• Only transact over sites you trust
  • Don’t allow site to store card information
  • Stay away from online shopping over a public network
  • Make sure credit card details entry page is secure

With the onslaught of online shopping and transactions, your credit card could be vulnerable to hackers who have been getting smarter by the day. And there is no reason to think that your card’s safety is fool-proof against the burgeoning cases of cybercrime.

While none can deny the convenience of shopping online, you can always be a little prudent while transacting over the internet.

Listed below are a few tips that can safeguard against identity theft and credit card fraud while shopping online:

Restrict usage of credit cards only to websites that you can bank on

With a credit card, it is imperative that you use it only with websites that you’re familiar with or the ones that are used by a large section of the population, such as websites of banks or other government bodies. Do not click on unsolicited links or the ones that seem like spam. The reason is clicking on them might land you on to a fake website, the only purpose of which is to hack your credit card details. Rather, type the site URL on the browser and log into the authentic website.

Avoid shopping/transacting on public networks

Usually, public networks are less secured; therefore, chances of your credit card information being stolen are more when you transact with a public computer/network. These computers have something known as keylogger software that captures and records all your keystrokes and personal details.Avoid using your own system as well, as long as it is connected to the internet over public Wi-Fi. Hackers generally have access to such signals and can easily pick up on information during transmission. Next time, think twice before using the Wi-Fi at the nearby coffee shop!

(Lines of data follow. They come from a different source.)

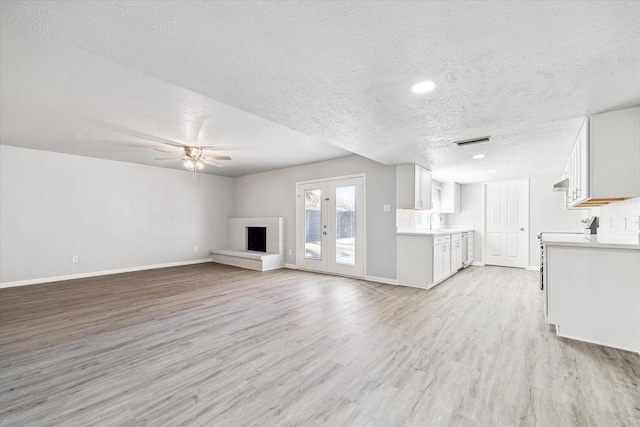 unfurnished living room featuring light hardwood / wood-style flooring, ceiling fan, a textured ceiling, a brick fireplace, and french doors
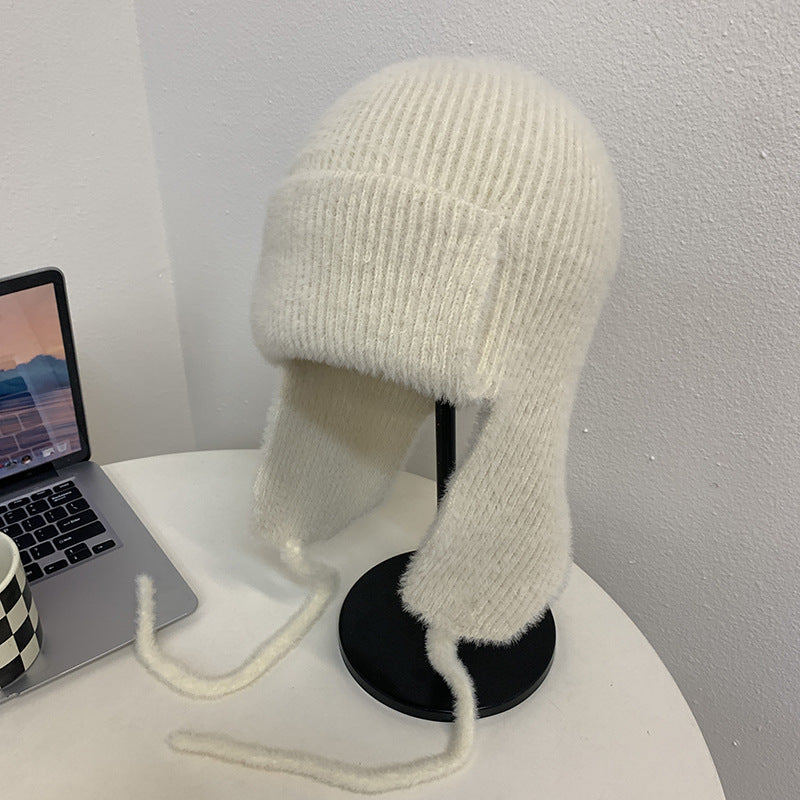 Acogedor gorro con orejeras de mohair para invierno 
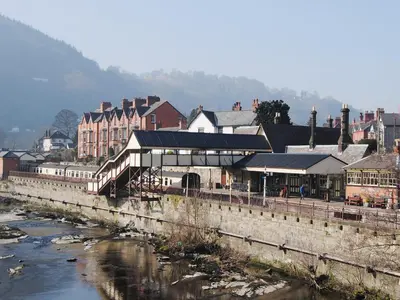 a town with a river and buildings and a bridge at Fedwr Gog Cottage in Llangwm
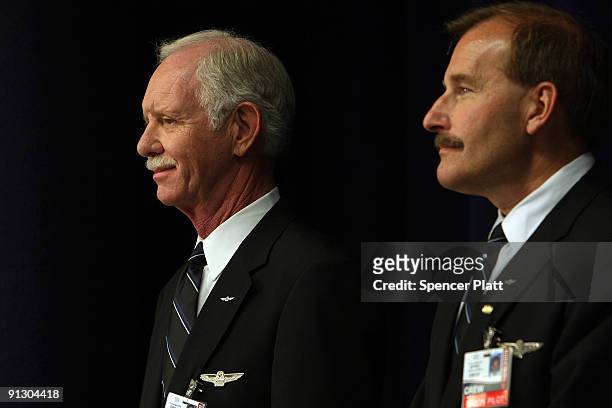 Airway pilot Chesley "Sully" Sullenberger and co-pilot Jeffrey Skiles attend a news conference at LaGuardia Airport on Sullenberger's first official...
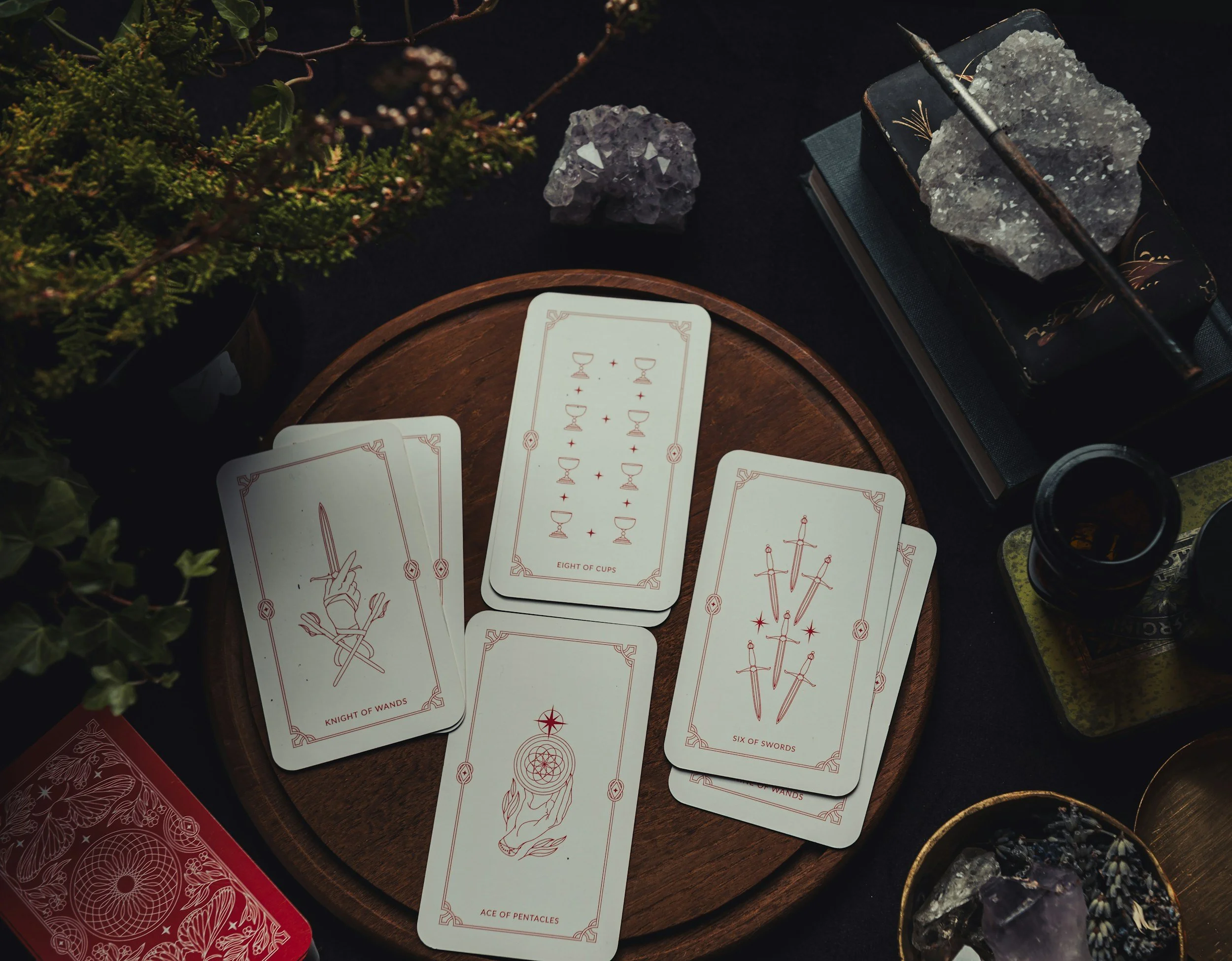Tarot cards arranged on a wooden plate with various crystals and a black cup, surrounded by greenery and books.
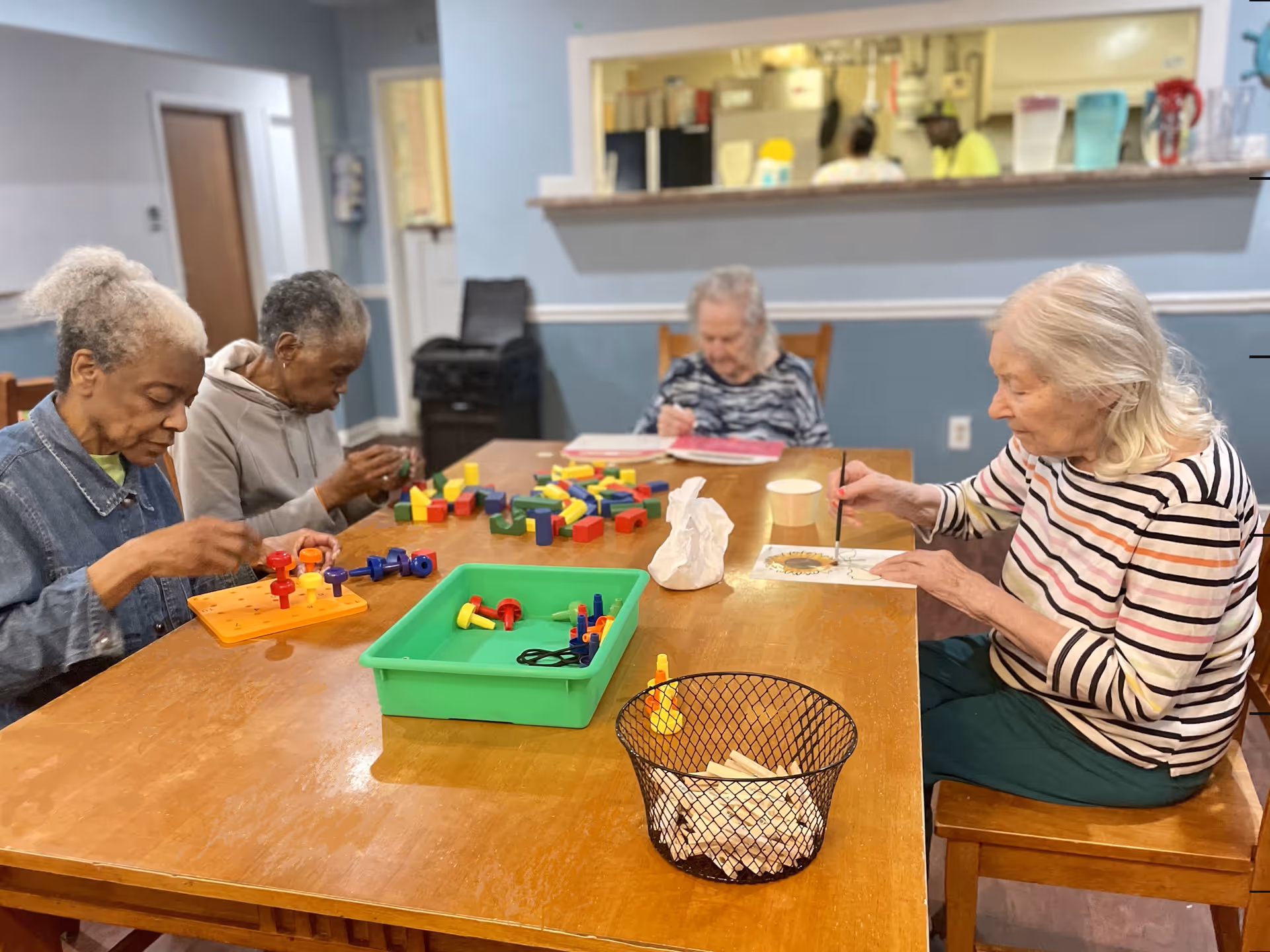 Four elderly women sitting around a wooden table engaged in various activities including painting and playing with colorful pegboards and blocks in a room with light blue walls and a serving window to a kitchen area.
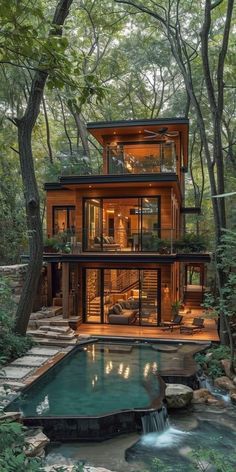 a house in the woods with a pool and waterfall running through it's front yard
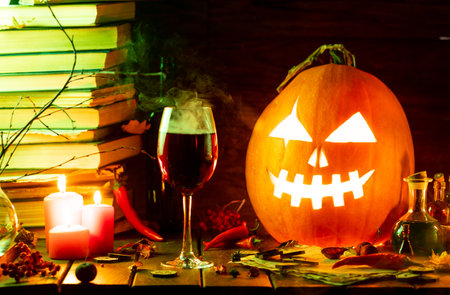 A pumpkin with a carved face glows on the table next to the booksの写真素材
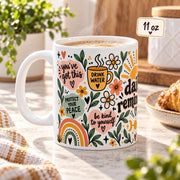 Daily Reminders ceramic mugs in 11 oz featuring colorful floral, sunshine, heart, and moon artwork with positive self-care phrases including drink water, be kind to yourself, you are enough, one step at a time, and progress over perfection.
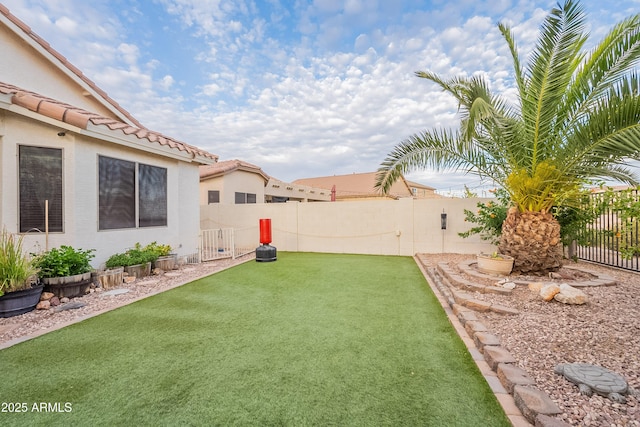 view of yard featuring a fenced backyard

Check for viruses in your system

Make sure your system is fitted with only the leading anti-virus software that is available. Don’t be tricked into downloading any software that appears as a pop-up advertisement or the ones that you get in your mail inbox.

Check for the security of the credit card details entry/payment gateway page

The way you can do this is by looking for ‘https’ prefixed to the URL on the browser’s address bar. It will also come with a padlock sign, indicating that the website is secured and encrypted. Once you find these two, you can be certain that the site is secure and that your information would be treated as confidential.

Know what information a website could possibly need (and what they shouldn’t ask for)

When you are transacting online, remember the four points every website should be ideally asking you – full credit card number, date of expiry, the 3-digit CVV number and the address for shipping the product. Usually, no website is authorized to ask for anything beyond these details.Also, should you get an email asking for your credit card number, treat the mail like what is actually is – spam, or a hoax that is intended to trick your card details out of you. Should there be any genuine issue with the delivery, the retailer will usually give a ring back or send a mail asking you to revert to their website for clarification.

Don’t allow the site to store any information

Make it your rule of thumb – the moment any site asks whether it should ‘remember’ your password, click on ‘No’. You obviously wouldn’t want hackers to easily access details due to a mistake as elementary as this. Similarly, don’t opt for the feature whereby the website asks if it should store information for subsequent purchases in the future.Whenever you transact online, don’t forget to keep a copy of the confirmation or the card receipt. This way, you will be able to tally the details on the credit card statement with the receipt copies and know about any mismatch, if any.